Key Points
- The Taliban returned to power in Afghanistan in August 2021.
- They immediately disbanded the Afghanistan’s National Institute of Music (ANIM).
- ANIM has since moved to Portugal and is planning an Australian tour.
When Dr Ahmad Sarmast came to Australia in July 2021 to spend the Afghan schools' summer break with his family, he says he could’ve never imagined the republic would fall "so easily" and the Taliban would return to power after 20 years.
He said he was still in his 14-day mandatory hotel quarantine when the Taliban began advancing towards the capital of Kabul.
"At first, I was thinking, 'well, this is a war, one district and one province would change hands, the government would regain control of this district or province', but unfortunately, every day that passed, we saw the Taliban getting closer to the gates of Kabul," he told SBS Dari.
Dr Ahmad Sarmast with members of ANIM's Zohra Orchestra. Source: Supplied / Ahmed Naser Sarmast
"Despite all the whitewashing of the Taliban that was happening at the time", he says, "it was clear that the Taliban hadn’t changed and will not change" and their return would mean that music has no place in Afghanistan.
‘The soft power of music’
Dr Sarmast, who had come to Australia as a refugee in 1994, said he decided to dedicate his life to rebuilding his birthplace’s musical heritage after achieving his PhD in music at Monash University in 2005.

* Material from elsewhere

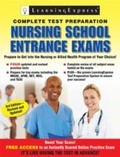Cover: Nursing School Entrance Exam - LearningExpress LLC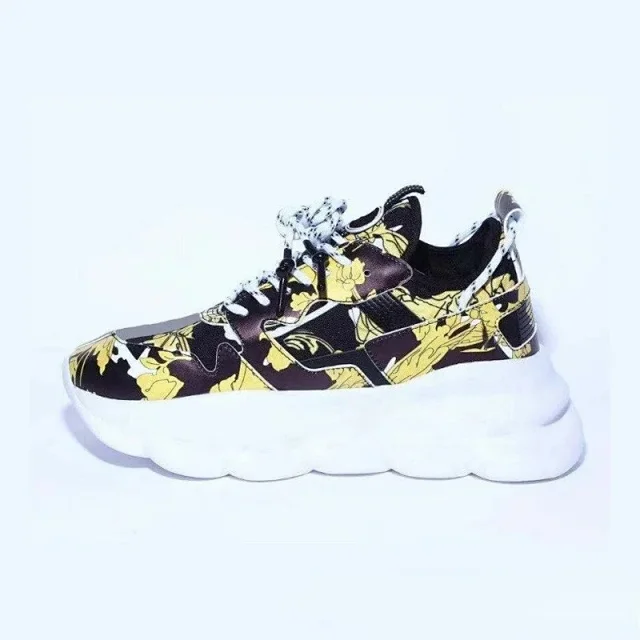 Unbranded Sneakers Chunky Platform Lace-Up product detail image 25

"The plan to establish ANIM was part of a big project which was initiated by me at Monash University with the support of the music department, the centre for Asian studies and the centre for science," he said.
For his work in founding ANIM and the Zohra Orchestra, Dr Sarmast (L) has won several music awards, including the 2018 Polar Music Prize. Credit: Supplied/ANIM
By "creatively using the soft and transformative power of music", he says the school was able to better the lives of hundreds of children and teenagers from orphanages and the streets of Kabul in a short period of time and became one of "the most active, prominent, influential cultural and educational institutions" in Afghanistan.

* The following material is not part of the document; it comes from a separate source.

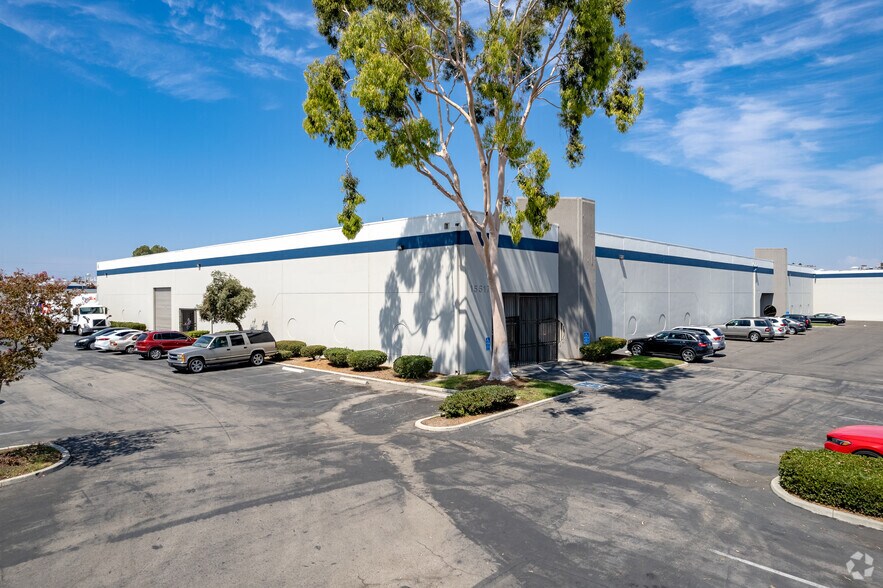 Primary Photo Of 15507-15517 Broadway Center St, Gardena Warehouse For Lease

School draws Taliban's ire
But the fame and success attracted the attention of the Taliban and made it a target for the extremist group.
According to Dr Sarmast, between 2014 and 2021, the Taliban tried to target the institute four times.
In 2014, the Taliban’s attempt to silence Dr Sarmast permanently by sending in a suicide bomber to one of the institute’s events, resulted in him incurring a temporary loss of hearing.
The Islamist extremist group has had a long-standing enmity with music, considering it a cause of "moral corruption". During its first rule in the late 1990s, the group declared playing, listening, broadcasting music, as well as buying and selling musical instruments as "haram", an Arabic term meaning forbidden or unlawful.
For Dr Sarmast, it was a nightmare becoming reality.
"On the first day of the Taliban’s return to Kabul, one of the educational, scientific and cultural institutions that came under their control to be used as a military centre was Afghanistan’s National Institute of Music," he said.
"The Taliban’s armed groups were stationed in both campuses of the ANIM, the original campus, and the new campus that we had just built and had begun using."
Members of the Taliban setting fire to a pile of musical instruments and equipment on the outskirts of Herat, Afghanistan, 30 July 2023. Credit: Ministry for the Propagation of Virtue and the Prevention of Vice/EPA/AAP Image
But what hurt him the most was the fact they destroyed the first ever classical guitar that had been brought to Afghanistan by a prominent Afghan singer, musician and music teacher, Mohammad Hussain Arman.
"The guitar was gifted to the institute and was being kept as a 'valuable' in one of its hallways," he said.
Members of Zohra Orchestra perform at Monash University's Robert Blackwood Hall in Melbourne in 2019. Credit: SBS Dari/Sam Anwari
They even went further, gathering musical instruments and USB drives containing songs and setting them on fire, Dr Sarmast said.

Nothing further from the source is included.